__AIM OF THE EXERCISE__:
In the entries that follow, repeat exactly the lines from the one that has "Jordan 6 x Travis" through the one that has "Double Deck Mobile", but omit pictures.
--- EXTRACTED DATA Enclosed Below ---
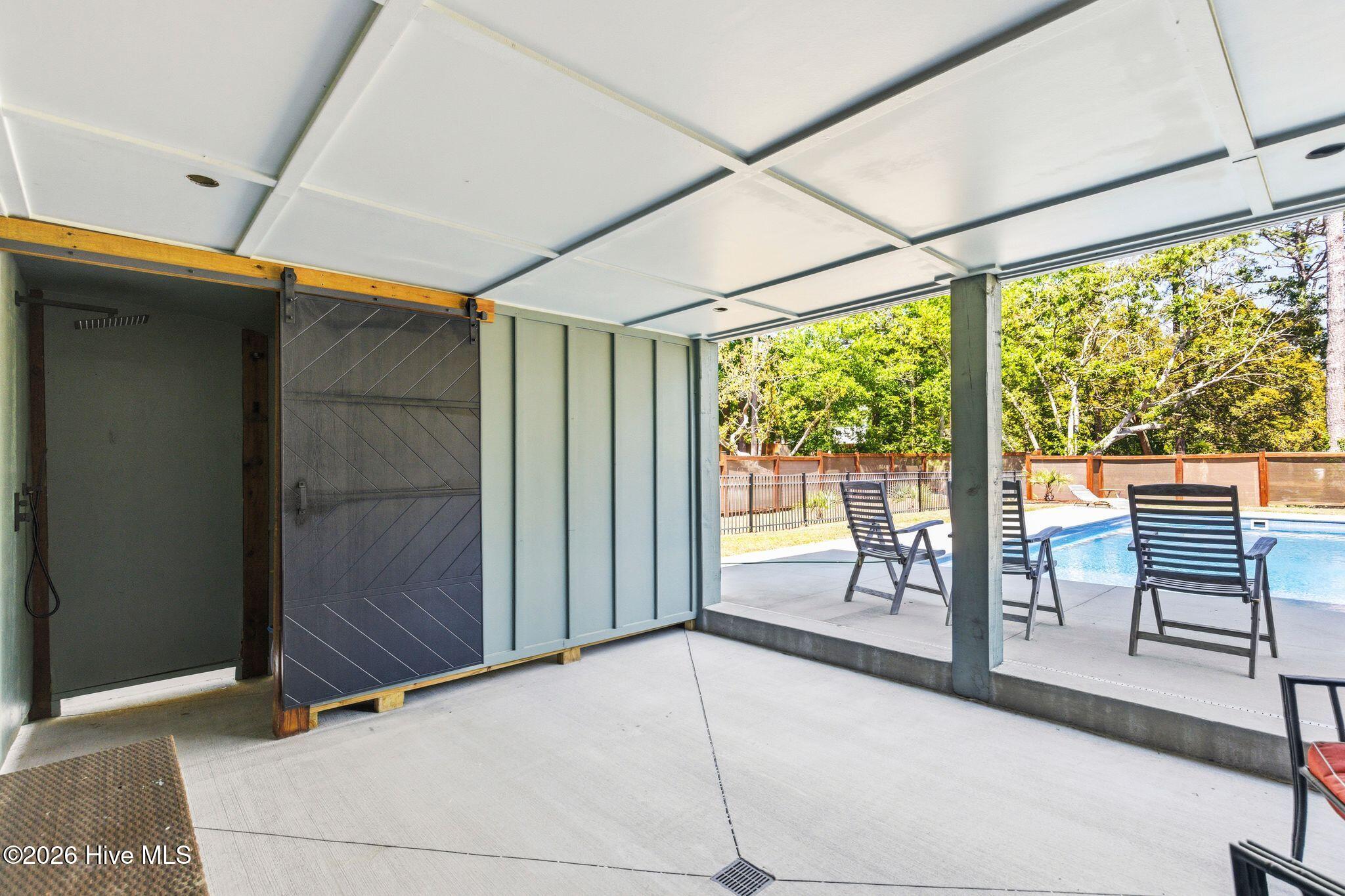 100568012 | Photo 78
--- End of Enclosed EXTRACTED DATA ---
--- EXTRACTED DATA Enclosed Below ---
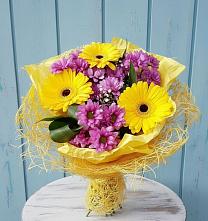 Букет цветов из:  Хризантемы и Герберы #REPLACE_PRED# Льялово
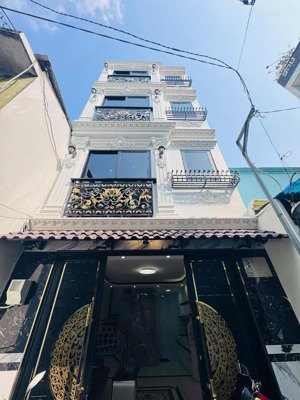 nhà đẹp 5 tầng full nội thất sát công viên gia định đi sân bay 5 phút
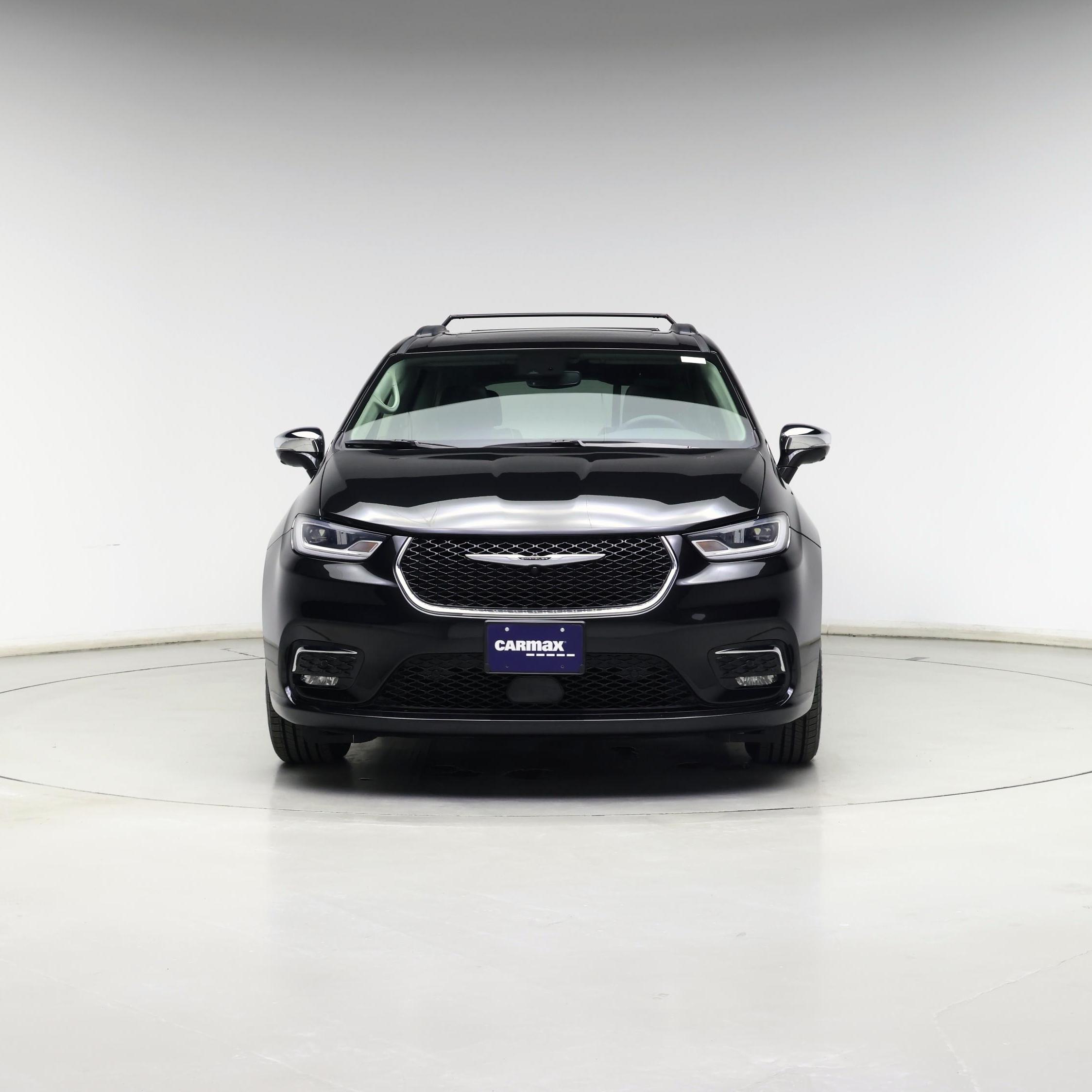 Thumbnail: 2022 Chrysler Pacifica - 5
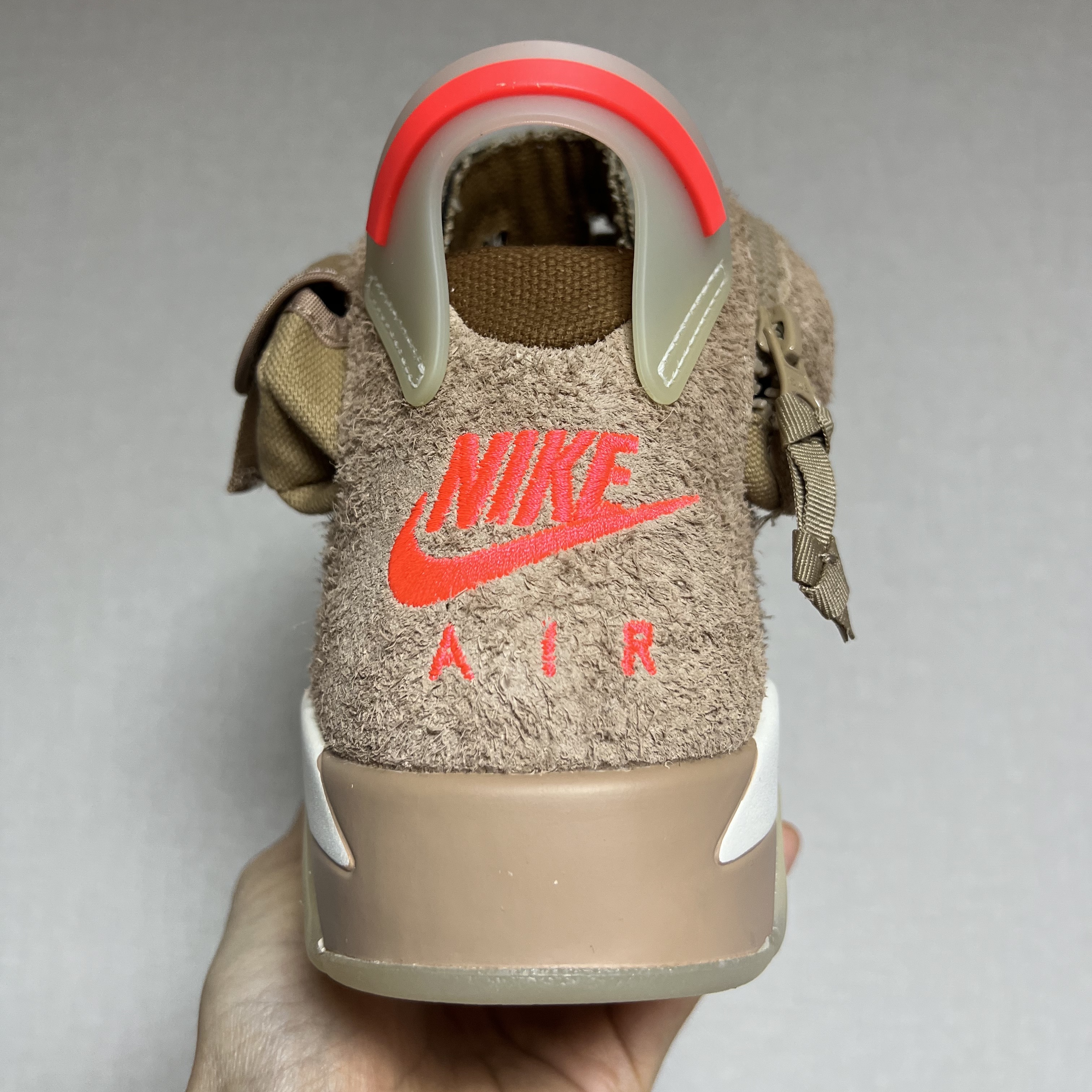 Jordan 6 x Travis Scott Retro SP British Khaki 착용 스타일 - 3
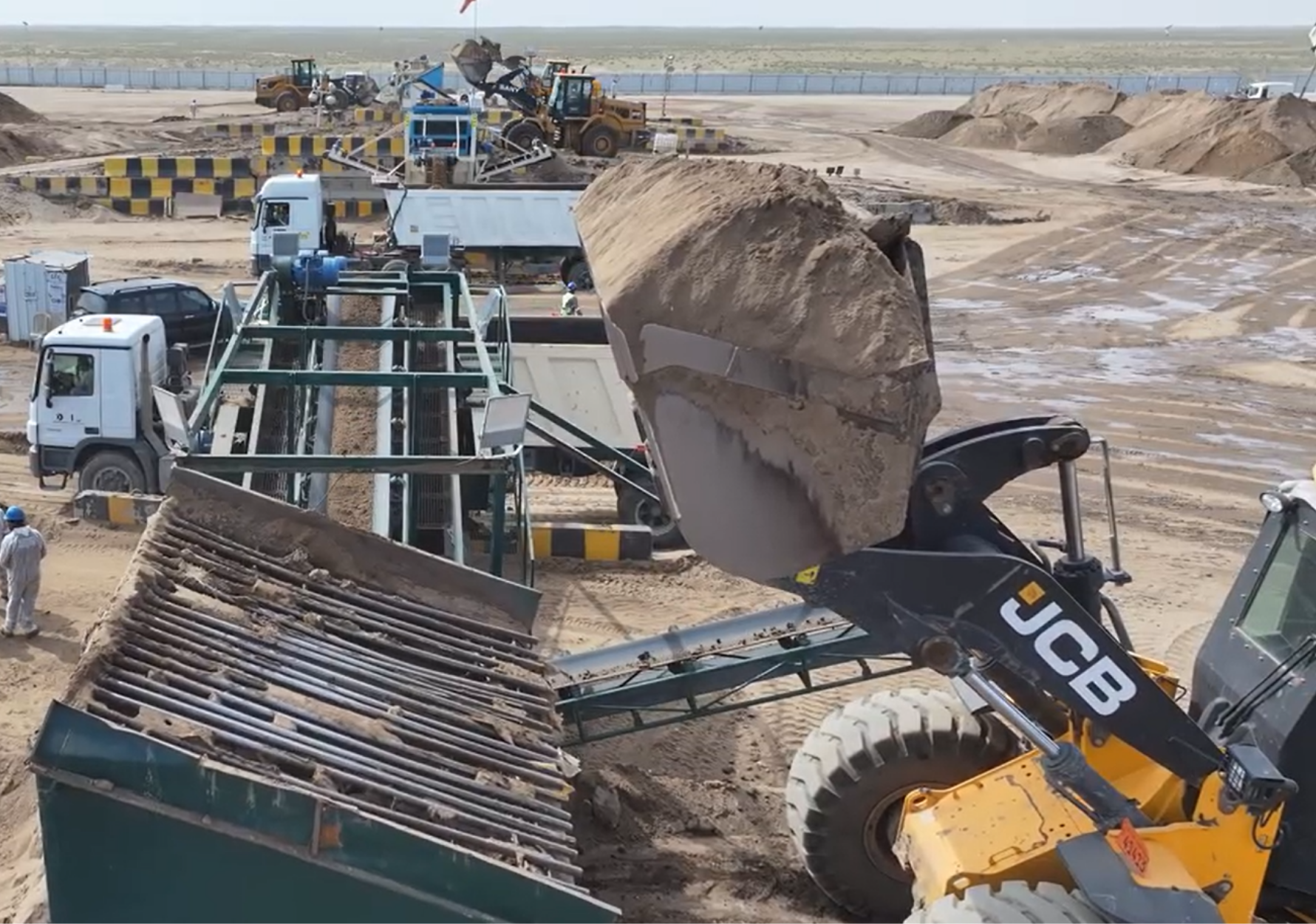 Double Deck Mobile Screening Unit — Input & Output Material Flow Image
--- End of Enclosed EXTRACTED DATA ---
--- EXTRACTED DATA Enclosed Below ---
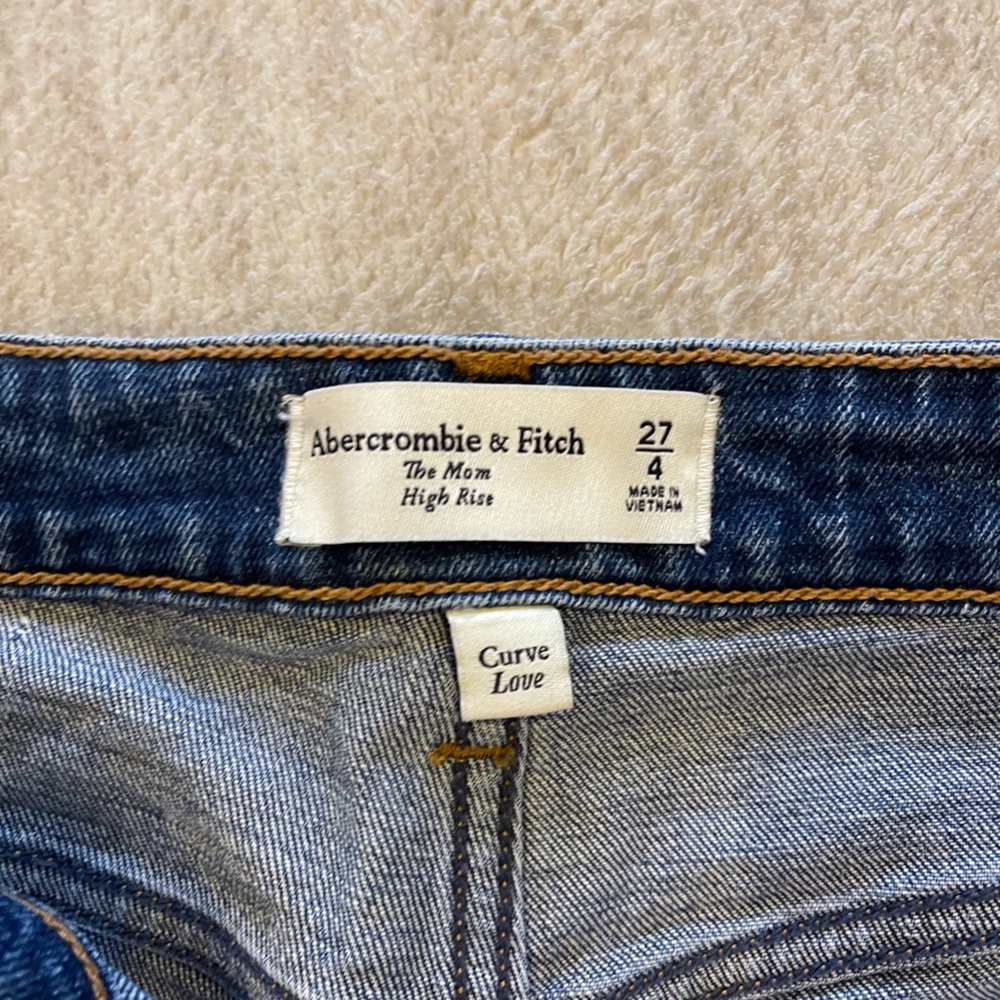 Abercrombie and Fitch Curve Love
--- End of Enclosed EXTRACTED DATA ---
__EXERCISE OUTPUT__:
 Jordan 6 x Travis Scott Retro SP British Khaki 착용 스타일 - 3
 Double Deck Mobile Screening Unit — Input & Output Material Flow Image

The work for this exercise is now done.